Name: Jessie - cash reward.
Gender: Female.
Breed: German shepherd.
Age: 11 yrs
Colour: Black & tan
Build: Medium
Circumstance: STOLEN from back garden

Missing from: SE6, Catford, Southeast, Stolen from garden.

*If you think, you've seen this dog in that area or near, please PM me for pictures. Thanks. *


----------



## mickyb (Oct 31, 2008)

go onto doglost, there is a german shepherd been found on their hope it's yours


----------



## KarenHSmith (Apr 20, 2008)

mickyb said:


> go onto doglost, there is a german shepherd been found on their hope it's yours


Hiya,
Nope that's not the same dog & she hasn't been found.
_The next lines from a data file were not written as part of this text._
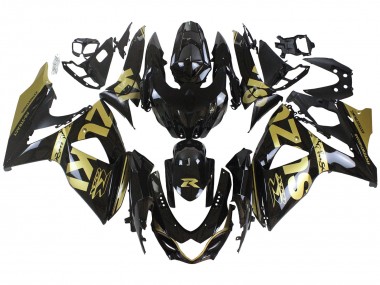 Buy 2009-2016 Suzuki GSXR 1000 Motorcycle Fairings - Glossy Black Gold UK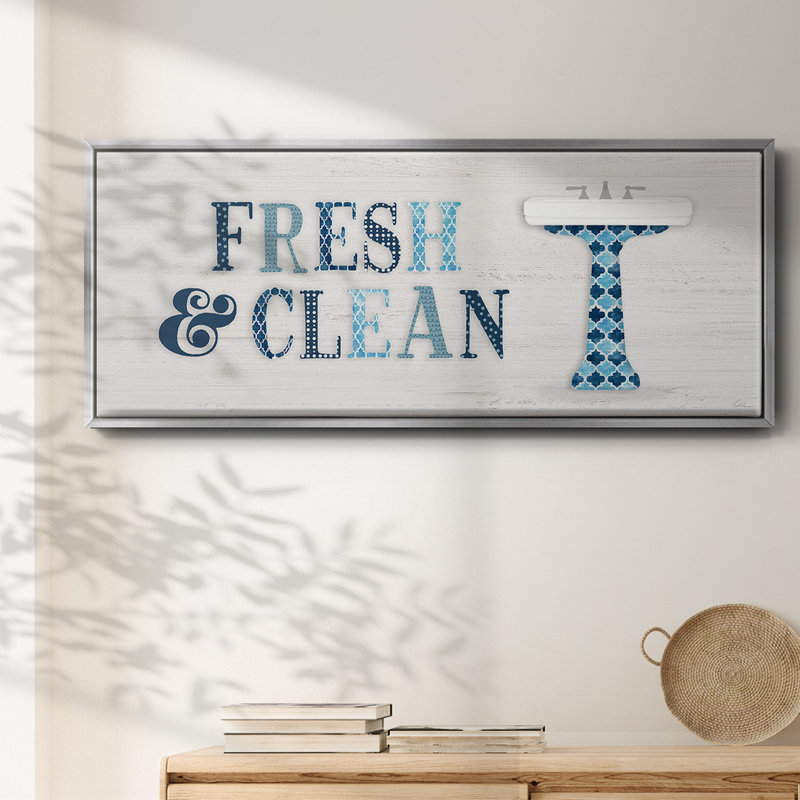 Fresh and Clean- Framed Canvas, 12" H x 30" W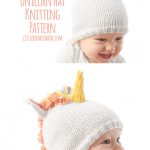 Magical Unicorn Baby Hat Free Knitting Pattern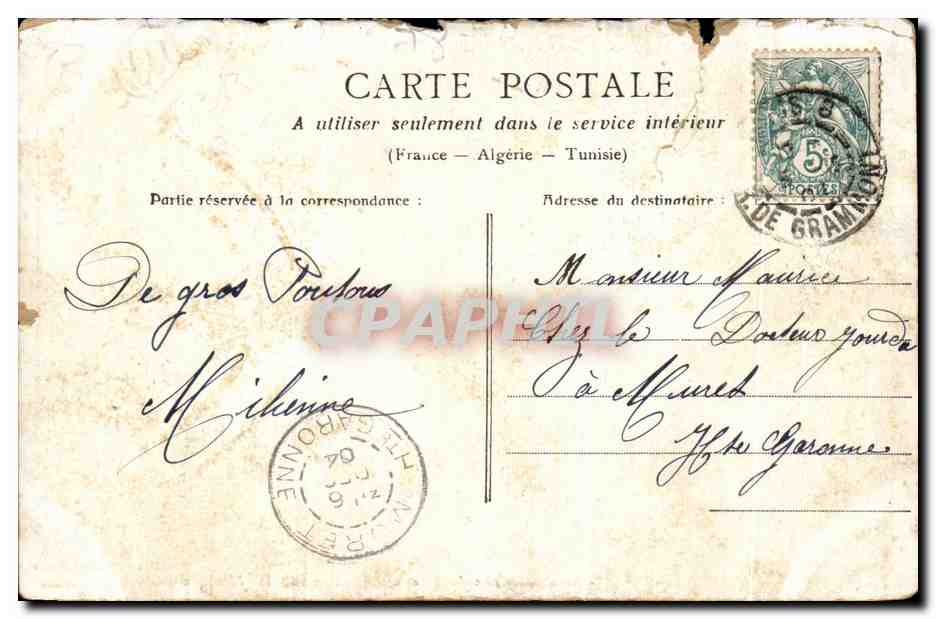 CPA Versailles Hameau de Marie Antoinette Pavillon de la Musique — Reverso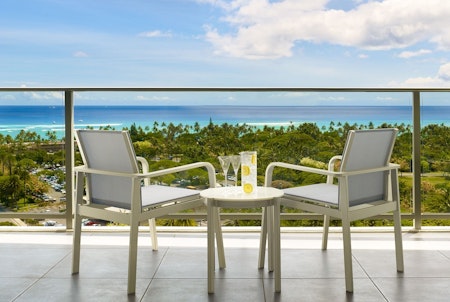 Ritz Carlton Residences - Waikiki Beach Guestroom View
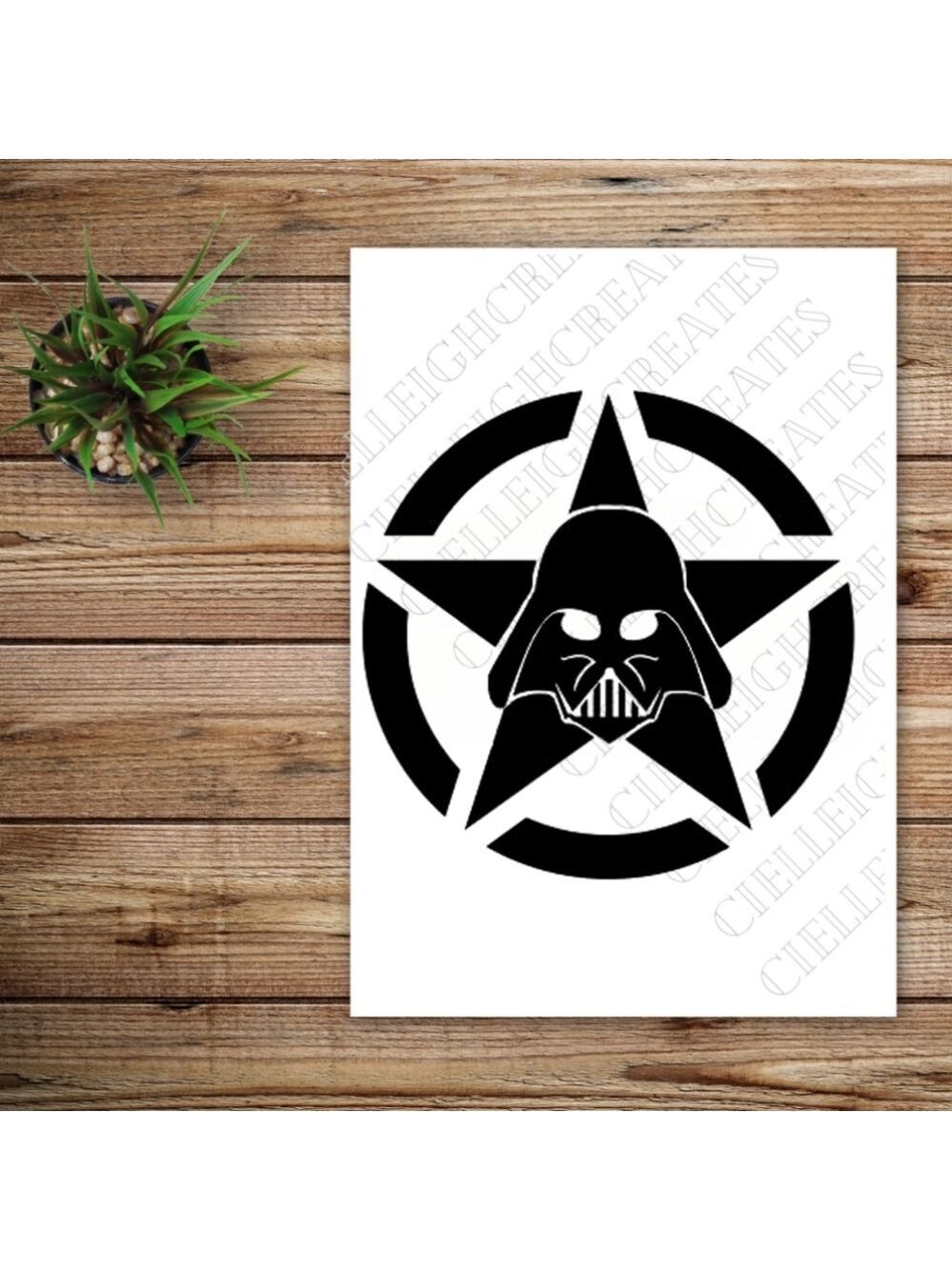 *2 for $20* Stars Wars Darth Vader Punisher vinyl decal Sticker Handcrafted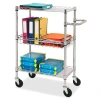 Lorell 3-tier Rolling Cart In Silver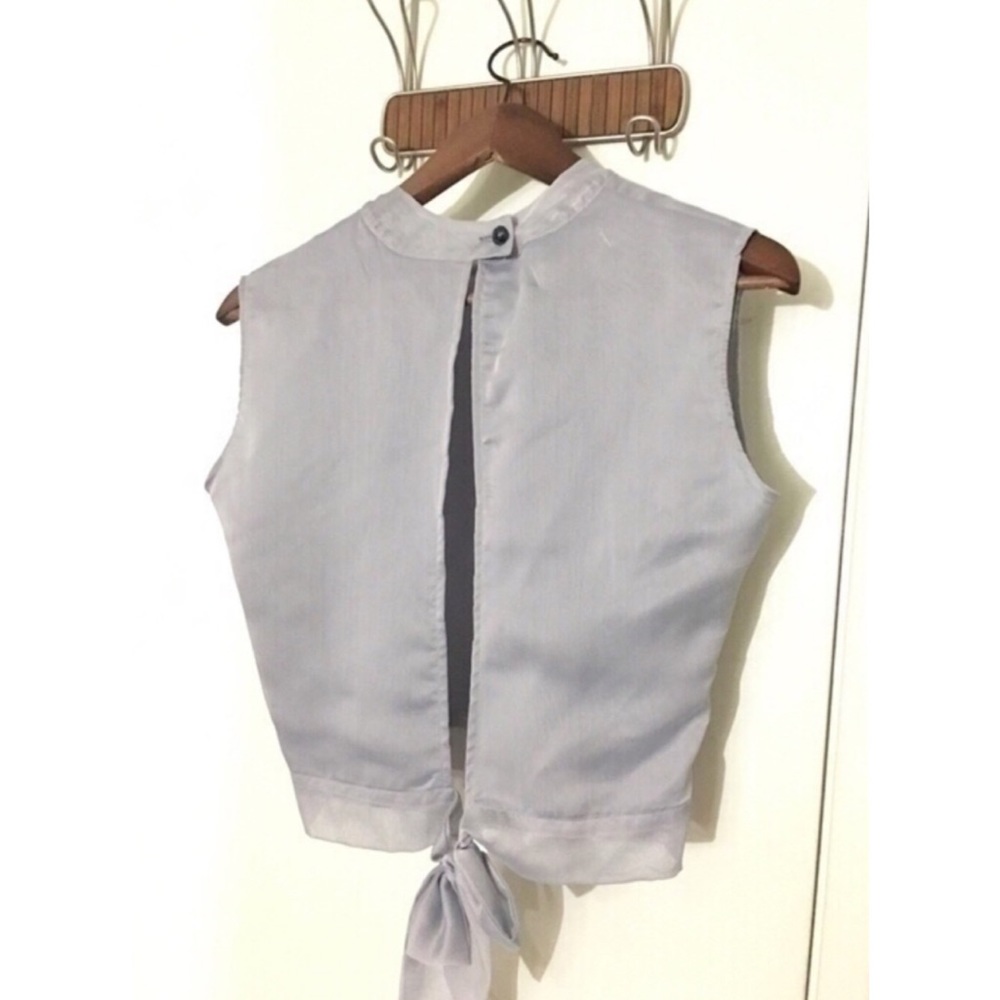 Brand new silk crop top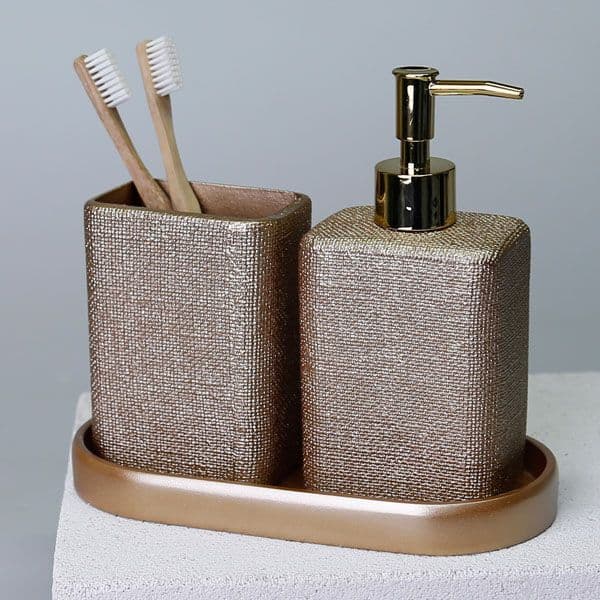 Linen Banyo Seti Vizon 3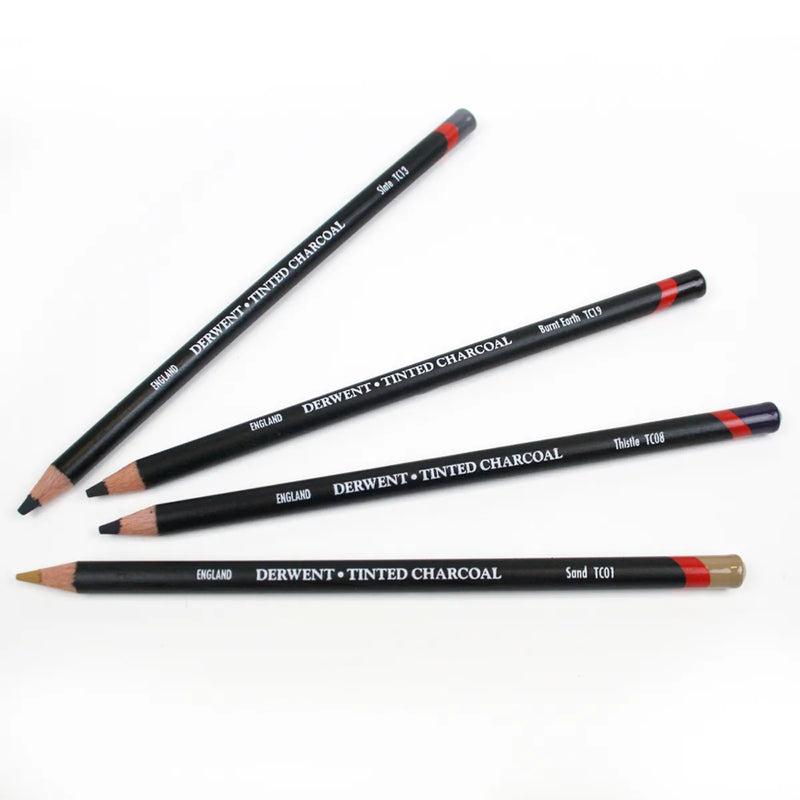 Derwent Tinted Charcoal Pencil Tin Set - 24 Pencils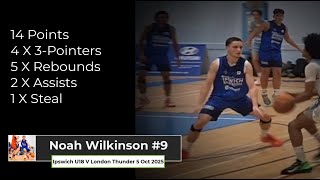 Ipswich U18 V London Thunder 5 Oct 2025 Noah Wilkinson Resimi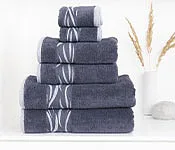 Ručník Borneo antracitový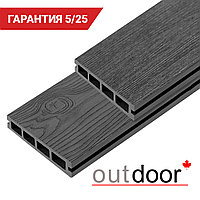 Террасная доска ДПК Outdoor 3D 150*25*3000 мм. STORM/OCEAN BLACK черная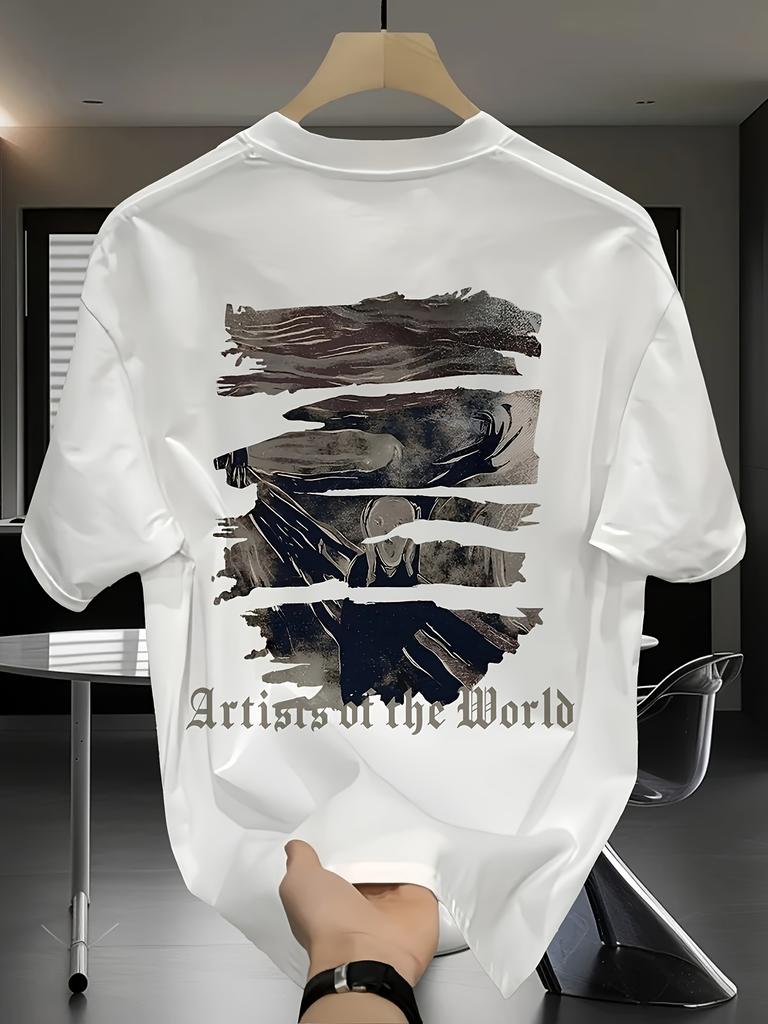 Mens 100 pure cotton printed Tshirt black regular style shortsleeved roundneck casual summer top machine washable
The pets I post up lost or found etc, aren't personally mine I just post them up to get the word around & just to keep people aware, that dogs and cats are lost and if in located near you, you can keep an eye out.

Thanks xxx


----------



## Dirky47 (Oct 20, 2009)

mickyb said:


> go onto doglost, there is a german shepherd been found on their hope it's yours


I hoped too. I wish you luck for this dog! Hope to find his way back home. :thumbup1:


----------